New Davis Exhibit Showcases Works by Wellesley’s Faculty Artists
The hulking figure of Survival Robot, a 12-foot-tall sculpture by David Teng Olsen, associate professor of art at Wellesley, towers over visitors to Q20, a new exhibition in the Davis Museum that features the work of 10 faculty members. Inspired in part by the Terracotta Army of the first emperor of China, the sculpture took two years to complete.
The faculty exhibition, organized by Lisa Fischman, Ruth Gordon Shapiro ’37 Director of the Davis Museum, is staged every five years; this year, the artists worked with a wide variety of media including photography, painting, collage, video, and sound.

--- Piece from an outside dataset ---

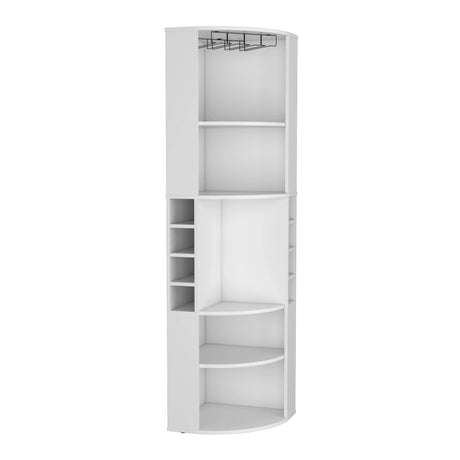Modern White Corner Bar Cabinet With Five Shelves - Omega Lifestyles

“There is a little bit of an experimental edge,” said Fischman. “Something about the experience of working together and working with students on a campus really encourages faculty artists to think more broadly about their practice.”
Olsen’s sculpture is made of recycled materials such as wood, hand-blown glass, and plastic. Inside it are six cryptocurrency mining machines. Just as Emperor Qin Shi Huang hoped his terracotta soldiers would protect him in the afterlife, “I am doing everything I can to prepare for the unknown future, after I am long gone,” said Olsen. “It is my goal to create art as a metaphor for the survival of individuals, culture, and family.”
In her installation DIVE (Lucy’s Last Dance), Jenny Olivia Johnson, associate professor of music, has recreated a typical 1990s “dive bar” she remembers from her college days in New York. It features stools and rickety tables, framed posters, flashing lights, and a dart board. A screen hanging from the ceiling in a corner shows a video of a dancer performing on a stage. The After Time, an opera Johnson composed over a 19-year period, plays on the jukebox. Central to this exhibit is the character Lucy, to whom the opera is dedicated.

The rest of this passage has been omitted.